Dataset records:

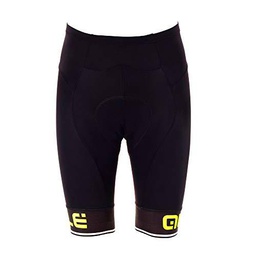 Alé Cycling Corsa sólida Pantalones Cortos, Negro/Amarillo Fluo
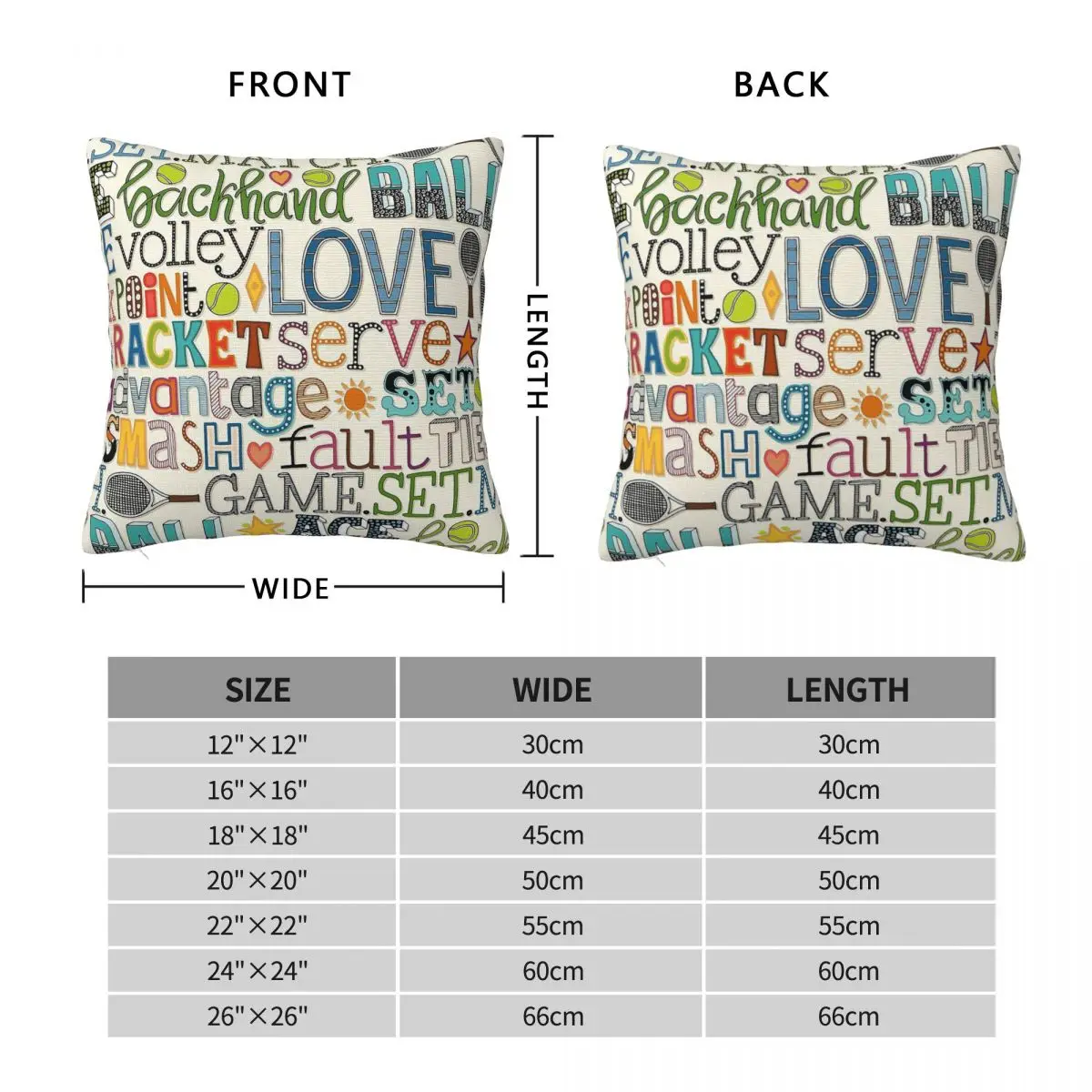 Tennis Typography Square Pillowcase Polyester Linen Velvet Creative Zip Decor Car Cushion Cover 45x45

* * *

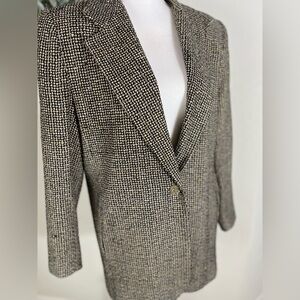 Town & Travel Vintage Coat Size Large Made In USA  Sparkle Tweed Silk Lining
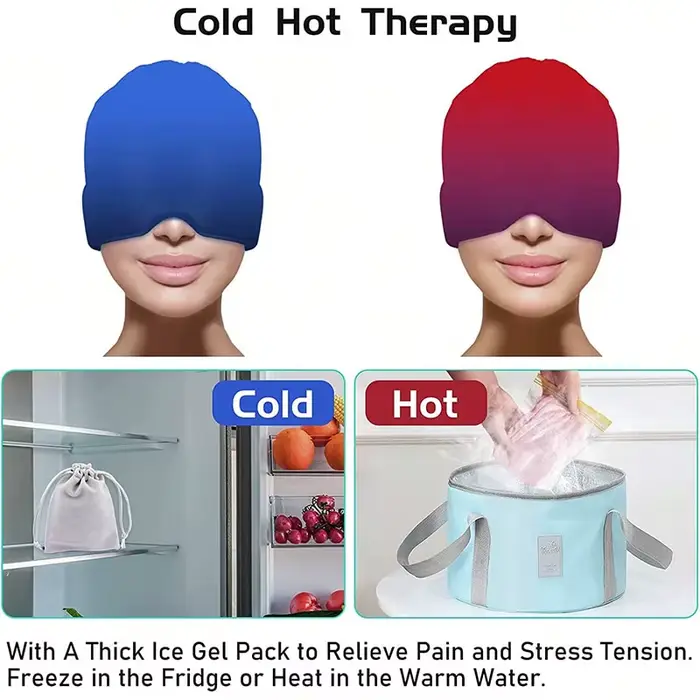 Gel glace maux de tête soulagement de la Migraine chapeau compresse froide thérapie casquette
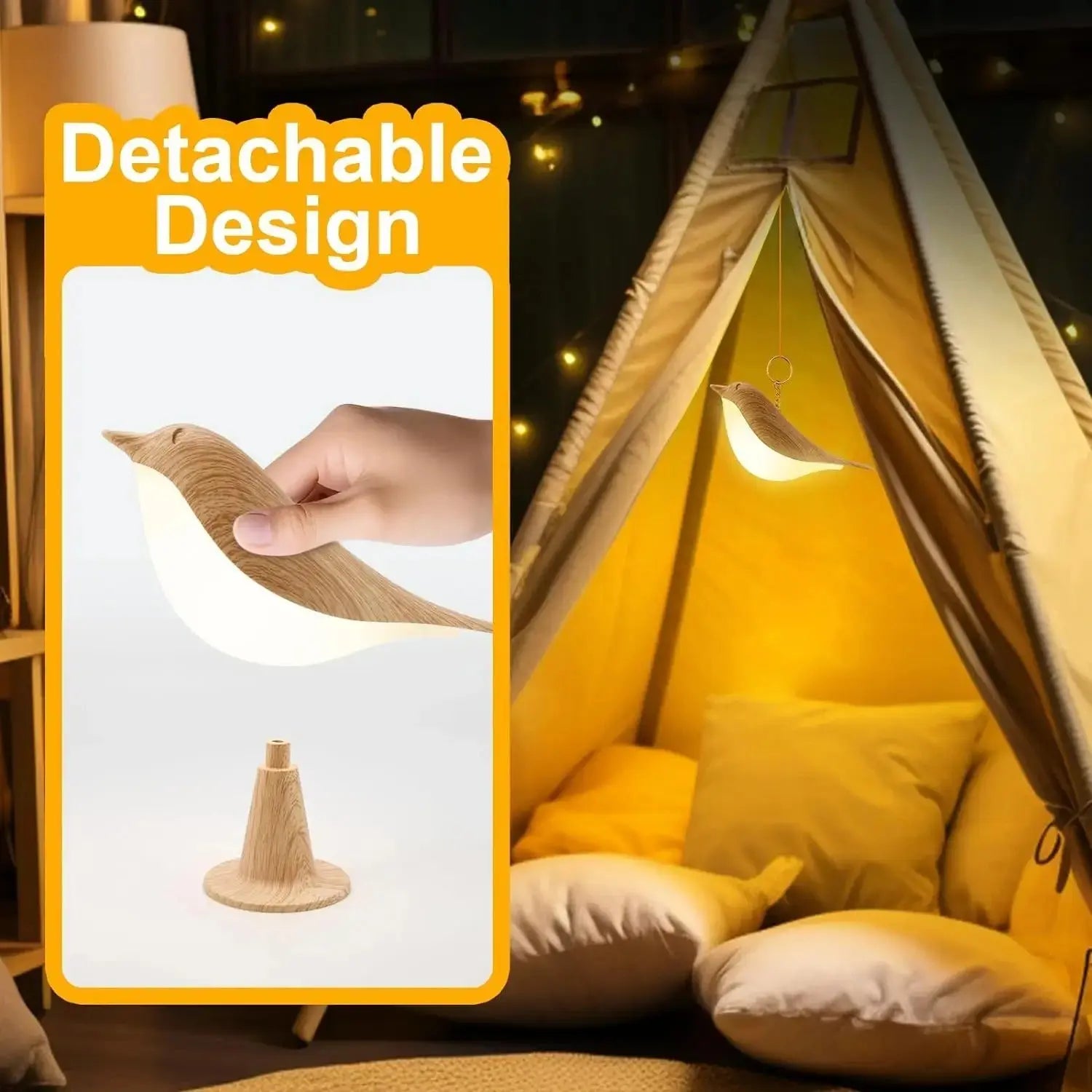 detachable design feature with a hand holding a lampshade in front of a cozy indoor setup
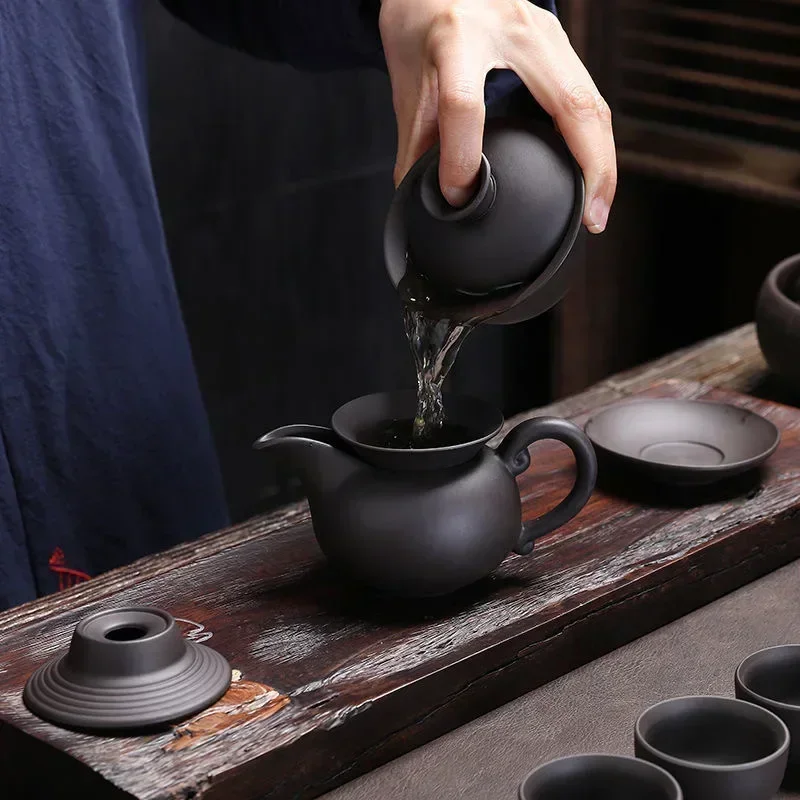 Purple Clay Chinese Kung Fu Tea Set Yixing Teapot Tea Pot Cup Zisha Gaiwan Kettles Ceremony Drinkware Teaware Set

Prompt: Taking the entries above, copy word for word the lines from the one with "Town & Travel" up to and including the one with "Purple Clay Chinese", without any picture.

Task result:
 Town & Travel Vintage Coat Size Large Made In USA  Sparkle Tweed Silk Lining
 Gel glace maux de tête soulagement de la Migraine chapeau compresse froide thérapie casquette
 detachable design feature with a hand holding a lampshade in front of a cozy indoor setup
 Purple Clay Chinese Kung Fu Tea Set Yixing Teapot Tea Pot Cup Zisha Gaiwan Kettles Ceremony Drinkware Teaware Set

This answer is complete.